*Problem requirements:* Please say how many lines in the records below contain the word "interior". Give the number and nothing more.

Recorded data
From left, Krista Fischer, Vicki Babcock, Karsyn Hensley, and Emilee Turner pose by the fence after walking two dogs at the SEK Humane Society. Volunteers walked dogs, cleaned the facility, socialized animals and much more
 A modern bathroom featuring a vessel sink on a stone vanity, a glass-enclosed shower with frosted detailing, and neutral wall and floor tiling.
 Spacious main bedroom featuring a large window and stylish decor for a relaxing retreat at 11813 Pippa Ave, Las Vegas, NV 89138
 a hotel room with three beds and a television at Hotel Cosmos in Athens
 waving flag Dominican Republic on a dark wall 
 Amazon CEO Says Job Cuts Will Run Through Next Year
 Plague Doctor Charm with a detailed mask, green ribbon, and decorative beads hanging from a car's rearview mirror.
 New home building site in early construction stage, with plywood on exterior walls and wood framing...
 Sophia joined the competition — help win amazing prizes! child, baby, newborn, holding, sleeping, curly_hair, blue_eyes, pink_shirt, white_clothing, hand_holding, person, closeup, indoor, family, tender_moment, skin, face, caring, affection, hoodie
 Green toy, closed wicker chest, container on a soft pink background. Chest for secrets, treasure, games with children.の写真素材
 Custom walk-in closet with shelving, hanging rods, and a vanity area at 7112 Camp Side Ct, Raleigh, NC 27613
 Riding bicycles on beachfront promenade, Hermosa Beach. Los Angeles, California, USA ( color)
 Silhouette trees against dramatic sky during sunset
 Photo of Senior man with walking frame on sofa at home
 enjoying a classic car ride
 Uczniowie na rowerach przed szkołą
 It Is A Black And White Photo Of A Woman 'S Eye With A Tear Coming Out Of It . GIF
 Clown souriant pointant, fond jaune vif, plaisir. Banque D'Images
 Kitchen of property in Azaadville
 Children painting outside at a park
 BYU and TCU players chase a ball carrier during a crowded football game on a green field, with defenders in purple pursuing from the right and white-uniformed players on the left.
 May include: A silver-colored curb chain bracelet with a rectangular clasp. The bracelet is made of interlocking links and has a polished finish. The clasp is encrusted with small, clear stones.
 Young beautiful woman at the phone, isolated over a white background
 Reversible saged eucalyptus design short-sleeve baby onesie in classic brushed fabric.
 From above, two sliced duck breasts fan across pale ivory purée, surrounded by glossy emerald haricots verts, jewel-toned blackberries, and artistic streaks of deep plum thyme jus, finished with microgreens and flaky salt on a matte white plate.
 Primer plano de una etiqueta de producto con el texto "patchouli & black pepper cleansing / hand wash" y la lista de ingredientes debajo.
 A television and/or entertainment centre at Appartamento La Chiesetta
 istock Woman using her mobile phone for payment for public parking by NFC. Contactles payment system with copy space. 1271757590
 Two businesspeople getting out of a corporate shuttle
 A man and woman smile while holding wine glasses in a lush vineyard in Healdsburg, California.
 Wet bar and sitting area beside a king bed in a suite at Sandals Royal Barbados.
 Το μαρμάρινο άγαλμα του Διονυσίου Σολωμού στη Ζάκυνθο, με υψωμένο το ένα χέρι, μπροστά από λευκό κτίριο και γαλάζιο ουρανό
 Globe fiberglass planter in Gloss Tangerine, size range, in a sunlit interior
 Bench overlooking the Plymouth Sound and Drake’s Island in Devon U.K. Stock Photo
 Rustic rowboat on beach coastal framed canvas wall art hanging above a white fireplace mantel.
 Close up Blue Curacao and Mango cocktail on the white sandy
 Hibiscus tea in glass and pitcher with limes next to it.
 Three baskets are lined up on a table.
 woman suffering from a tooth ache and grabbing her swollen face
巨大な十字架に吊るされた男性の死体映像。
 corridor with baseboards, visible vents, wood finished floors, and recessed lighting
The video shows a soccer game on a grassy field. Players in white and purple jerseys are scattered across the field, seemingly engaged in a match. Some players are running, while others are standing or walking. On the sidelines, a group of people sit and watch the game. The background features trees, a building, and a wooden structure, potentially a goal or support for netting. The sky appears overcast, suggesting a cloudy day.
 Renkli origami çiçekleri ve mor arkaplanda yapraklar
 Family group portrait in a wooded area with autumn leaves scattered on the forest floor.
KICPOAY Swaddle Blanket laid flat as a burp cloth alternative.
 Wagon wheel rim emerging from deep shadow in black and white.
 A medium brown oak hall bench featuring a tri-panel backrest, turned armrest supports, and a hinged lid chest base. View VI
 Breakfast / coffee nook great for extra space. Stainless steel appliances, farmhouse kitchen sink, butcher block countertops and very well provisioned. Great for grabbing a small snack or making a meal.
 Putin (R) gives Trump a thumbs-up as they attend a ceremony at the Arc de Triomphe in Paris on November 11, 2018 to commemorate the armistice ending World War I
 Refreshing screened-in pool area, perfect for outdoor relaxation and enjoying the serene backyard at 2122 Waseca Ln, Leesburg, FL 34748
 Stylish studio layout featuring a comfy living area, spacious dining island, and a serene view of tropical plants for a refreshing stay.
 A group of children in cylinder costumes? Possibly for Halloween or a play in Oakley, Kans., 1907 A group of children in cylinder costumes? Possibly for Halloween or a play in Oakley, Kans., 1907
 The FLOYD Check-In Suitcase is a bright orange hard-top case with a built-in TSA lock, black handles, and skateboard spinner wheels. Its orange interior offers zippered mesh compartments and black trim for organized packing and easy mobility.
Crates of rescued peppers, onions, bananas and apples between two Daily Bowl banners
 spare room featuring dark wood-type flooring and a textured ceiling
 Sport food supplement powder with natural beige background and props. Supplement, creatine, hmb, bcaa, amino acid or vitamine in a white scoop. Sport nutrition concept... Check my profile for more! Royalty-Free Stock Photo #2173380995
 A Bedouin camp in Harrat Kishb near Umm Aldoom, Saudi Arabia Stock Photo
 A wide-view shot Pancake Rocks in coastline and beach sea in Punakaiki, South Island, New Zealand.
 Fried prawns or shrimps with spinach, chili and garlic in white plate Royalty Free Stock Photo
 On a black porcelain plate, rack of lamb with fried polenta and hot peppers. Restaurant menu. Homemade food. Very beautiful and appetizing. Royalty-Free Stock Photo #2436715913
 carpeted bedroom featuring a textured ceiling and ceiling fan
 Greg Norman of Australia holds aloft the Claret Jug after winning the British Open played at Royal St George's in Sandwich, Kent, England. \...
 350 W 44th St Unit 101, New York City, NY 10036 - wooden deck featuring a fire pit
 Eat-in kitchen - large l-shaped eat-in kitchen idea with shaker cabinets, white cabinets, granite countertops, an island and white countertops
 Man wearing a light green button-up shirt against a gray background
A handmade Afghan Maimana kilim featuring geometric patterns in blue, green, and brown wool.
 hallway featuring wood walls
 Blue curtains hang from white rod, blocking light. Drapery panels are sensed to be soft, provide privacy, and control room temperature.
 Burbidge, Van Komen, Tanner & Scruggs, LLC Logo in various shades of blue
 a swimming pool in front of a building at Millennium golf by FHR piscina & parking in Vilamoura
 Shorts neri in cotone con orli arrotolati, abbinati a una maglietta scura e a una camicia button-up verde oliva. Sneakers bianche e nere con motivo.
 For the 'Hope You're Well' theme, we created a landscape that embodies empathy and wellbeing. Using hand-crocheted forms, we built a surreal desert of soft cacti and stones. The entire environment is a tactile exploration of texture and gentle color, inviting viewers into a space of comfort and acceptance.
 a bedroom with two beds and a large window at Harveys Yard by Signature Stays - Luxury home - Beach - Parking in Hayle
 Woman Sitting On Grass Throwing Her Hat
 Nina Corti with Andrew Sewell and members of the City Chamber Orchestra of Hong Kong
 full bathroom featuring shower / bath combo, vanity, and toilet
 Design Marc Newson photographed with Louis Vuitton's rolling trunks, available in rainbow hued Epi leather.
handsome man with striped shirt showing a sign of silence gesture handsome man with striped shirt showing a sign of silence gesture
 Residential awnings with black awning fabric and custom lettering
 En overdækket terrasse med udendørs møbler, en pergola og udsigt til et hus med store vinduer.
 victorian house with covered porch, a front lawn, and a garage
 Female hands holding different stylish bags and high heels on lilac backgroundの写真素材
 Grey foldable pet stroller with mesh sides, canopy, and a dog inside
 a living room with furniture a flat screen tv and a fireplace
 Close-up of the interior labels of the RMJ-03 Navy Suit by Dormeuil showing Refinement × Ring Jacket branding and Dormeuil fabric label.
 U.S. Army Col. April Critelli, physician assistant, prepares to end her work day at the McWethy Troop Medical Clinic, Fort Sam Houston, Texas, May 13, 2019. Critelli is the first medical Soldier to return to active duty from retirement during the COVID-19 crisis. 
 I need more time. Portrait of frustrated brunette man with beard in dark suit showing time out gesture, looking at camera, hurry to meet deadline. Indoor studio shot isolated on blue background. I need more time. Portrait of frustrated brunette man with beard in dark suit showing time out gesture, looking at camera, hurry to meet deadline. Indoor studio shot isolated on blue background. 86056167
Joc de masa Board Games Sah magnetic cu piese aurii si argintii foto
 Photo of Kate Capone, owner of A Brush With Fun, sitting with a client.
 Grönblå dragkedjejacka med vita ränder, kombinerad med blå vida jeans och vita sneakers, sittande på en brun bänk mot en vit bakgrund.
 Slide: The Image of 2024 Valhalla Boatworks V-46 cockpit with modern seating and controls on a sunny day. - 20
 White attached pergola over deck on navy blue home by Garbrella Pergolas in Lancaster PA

*Answer area:* 3